Thursday, July 21, 2016

Free Source As Public Library?


In 60 years IT evolved from a subject matter for scientific research into manufacture and then industry with its own design, management and quality standards. 

Now there are practically three generations of specialists activating in different organizations, who have assisted these major shifts and have had to drop the “previous” technology and business model for finding their way with the “current” one. 

20-25 years ago the software development was still manufacturing-based, and the market was so hungry of new products, that the users have accepted testing alpha-stage free software packages in their own time.

Then in a decade the global spread of the Internet has put pressure on developers to invest effort in architecting loosely coupled solutions rather than growing monolithic desktop applications.

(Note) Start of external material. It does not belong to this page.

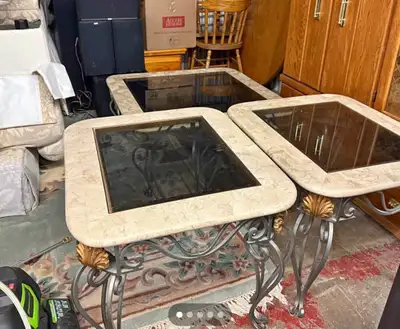 Stone and Metal Table Set, View more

The investments coming from commercial companies have helped the software business to evolve from manufacture into industry, and the interoperability needs have been beneficial for standardization.

10-15 years ago the software market saturation and the economic slowdown have affected numerous software companies.

Most companies have adopted free software usage and outsourcing as collaboration models in order to consolidate their businesses and partnerships. During this adaptation process the limitations of the GPL license became evident, and other licensing models (MIT, Apache) became more popular.

As the life-cycle of a software product is of 3-5 years, the current market offer includes a considerable number of applications employing many modules designed with earlier hardware architectures in mind.

On the other hand a server-side interpreter or a database engine with threading problems don’t play well in the cloud, and JavaScript is not suitable for everything needed at client-side.

Short-time investors might be right when opting for extending the life-cycle of a classic software product, but on the long run selecting carefully new tools and using them correctly will keep the boat floating.